Likewise, in Ghana, while the country has strong laws governing its fisheries, they are not enforced. Four state agencies – including the marine police and navy – patrol Ghana’s waters, but lack the vessels and fuel required for effective patrolling, according to Solomon.
In return for licensing fees, industrial-scale vessels in turn get political access and influence, while the artisanal sector receives little attention from the government, even though it provides 50 to 70 percent of animal protein consumed in Ghana, Solomon said. Ghana’s government does subsidize “pre-mix” – fuel for two-stroke engines – and motors for artisanal fishermen. But the relative lack of political clout compared to the industrial trawlers is leading frustrated artisanal fishermen to plot action, Solomon said.
“Government meets on a quarterly basis with the owners of the industrial trawlers, but don’t meet with artisanal fishermen’s representative on a regular basis,” he said.

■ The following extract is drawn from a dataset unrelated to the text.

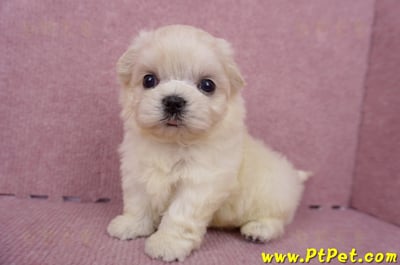 06/26迷你型馬爾濟斯 I 公幼犬1號(桃園八德)9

The financial superiority of the Chinese trawlers over local artisanal fishermen is also buttressed by the Chinese state, with one of the Chinese firms operating in Ghana receiving USD 3 million (EUR 2.5 million) from the Chinese government in subsidies in 2019, according to the EJF.
In Beijing, meanwhile officials speak loudly of sustainability – the term “high-quality, eco-friendly” has become a leitmotif of the many Chinese government guiding policy documents concerning the fishing industry. Zhang Xian Liang, head of the Fishery Management Bureau at the Agricultural Ministry – the country’s top fisheries management post – during a sit-down recently with academics from the Dalian Ocean University fisheries academy, declined to answer SeafoodSource questions as to whether China would contribute to enforcement measures in Ghana.

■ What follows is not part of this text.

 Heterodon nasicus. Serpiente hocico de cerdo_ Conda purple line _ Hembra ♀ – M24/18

Solomon and Mittal said their efforts show a route forward for fishermen in areas that wish to fight back against what they believe is unfair behavior by larger fishing nations. Mittal said he believes the CALAMASUR model is transferable globally to any fishery or species that occupies the waters of several countries.
“When different fleets operate over the same stock and fish under different governance arrangements and management regimes, the fleets operating in one jurisdiction will want the others to follow the same or at least similar rules,” he said. “Indonesia also suffers from IUU fishing, especially from Asian distant-water fleets, and the most affected are the livelihoods of local fishing communities, who many times are small-scale operators with low political capital.”